Jesus Lizard - Boilermaker
We don't think we've ever heard a better guitar tone in our lives. Led Zeppelin never recorded anything a tenth as pulverizing. It sounds like standing in the middle of a highway.

Crime - Gangster Funk
This tune was ginned up by a crew of late '70s San Franciscans who dressed up in full on police regalia and sang lyrics like "James Brown, Iggy Pop/Jesus Christ and Redd Foxx," meaning them more seriously than they let on. Anticipates the punk/R&B fusion a million douchebags would later ride to millions, and kicks harder than anything any of them came up with. Legitimates the group's claim to be "San Francisco's only rock band."

Big Black - The Model
Steve Albini and Co. imbue the Kraftwerk classic with the warmth and humanity its creators denied it. It sounds like getting hit while in the middle of a highway.

Talking Heads - Psycho Killer (B-side version, with strings and additional pretentious lyrics)
What's interesting is that as the well known album version is essentially a perfect song, one would expect an alternate version to be like a malformed, crippled twin best left in the attic. Hardly so.

The Only Ones - Another Girl, Another Planet
The best Buzzcocks song the Buzzcocks didn't write, this is as famous as any of The Cars' singles in some slightly alternate universe.

X - Soul Kitchen
Jim Morrison deserves everything anyone's ever said of him, but Doors songs provided pretexts for impossibly great Al Green and X performances, so who really cares about the drunk frat boy and his cock-snake?

Minutemen - Bob Dylan Wrote Propaganda Songs
We knew we wanted a Minutemen song on this mix and we weren't sure which, so we picked one at random.
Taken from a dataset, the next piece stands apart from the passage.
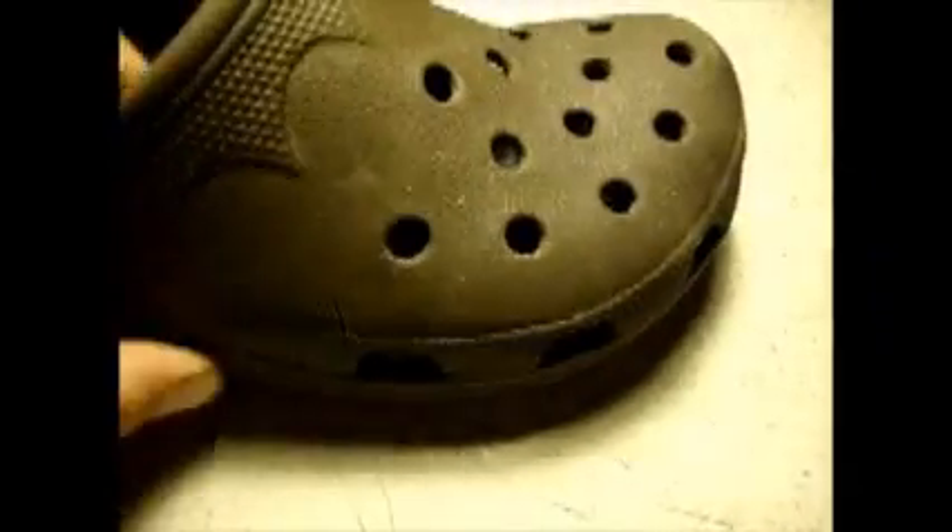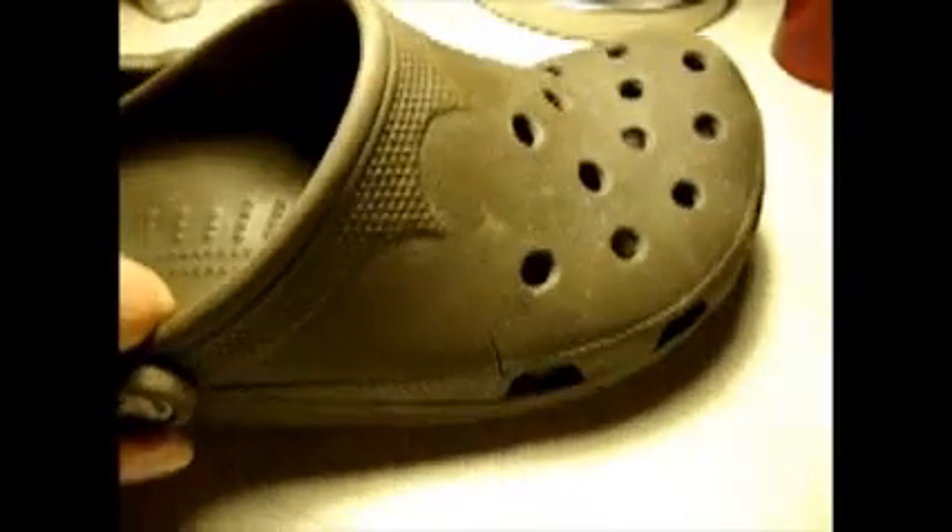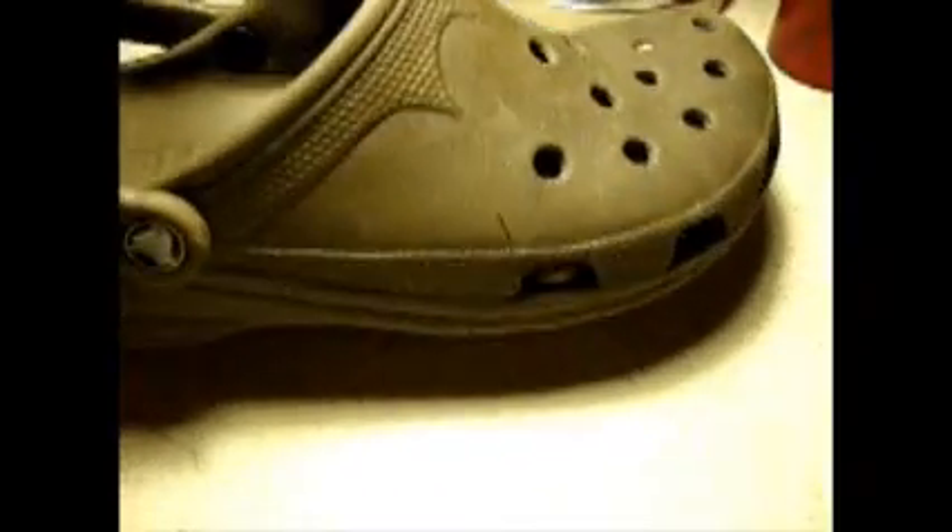Even on ice! And if you really want super traction on ice, just step in some sand — you'll never slip on ice. But remember, if you step in sand, don't walk in the house because it's sure to tear up the floors. At $45 a pair every three months, I'm saving a small fortune in footwear.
Mike Watt would approve, we think. This is one of the few bands that really gets better as you get older; they had as plausible a take on the relationship of punk to black music as Gang of Four or Crime, they were as humane a band as we've ever heard, and they understood Bob Dylan better than anyone other than Tom Waits.

The Raincoats - Lola
A droll take on the unimprovable. An obvious joke well told.

Avengers - We Are The One
A great, ungrammatical anthem that really should have been in the background of some seedy made-for-TV movie about the punk scene. They seem to have meant this song very seriously.
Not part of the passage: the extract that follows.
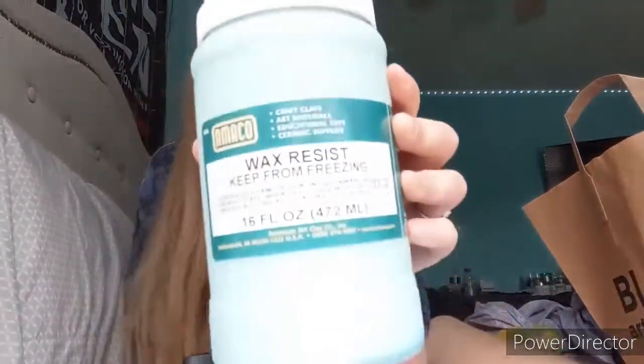This is the fun part — I got wax resist, which gets into the ceramics side of things. Wax resist is used when glazing your pots: you apply this first and it resists the glaze, so anywhere the wax is applied, the glaze or underglaze won't attach to the pot.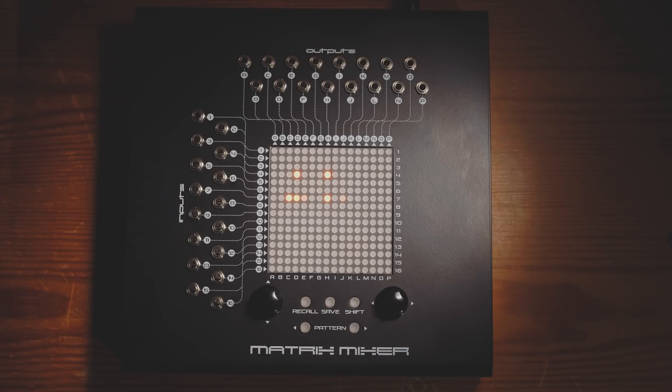I don't know whether you can see that on the camera or not, but the illumination of those LEDs is indicating the level of attenuation. If it's very bright, it's 100% all the way through, then we've got two-thirds, and then we've got one-third.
Adverts - Gary Gilmore's Eyes
As we understand it, to recapture the shock effect this had at the time, this song would have to be cut by someone like Lil Wayne, and the equivalent lyrics would have to go something like "looking through al-Zarqawi's eyes" these days.

Flipper - Sex Bomb
The single greatest rock and roll song ever recorded. If you don't think so, drink some whiskey and then play it as loud as you can, preferably with people dancing nearby.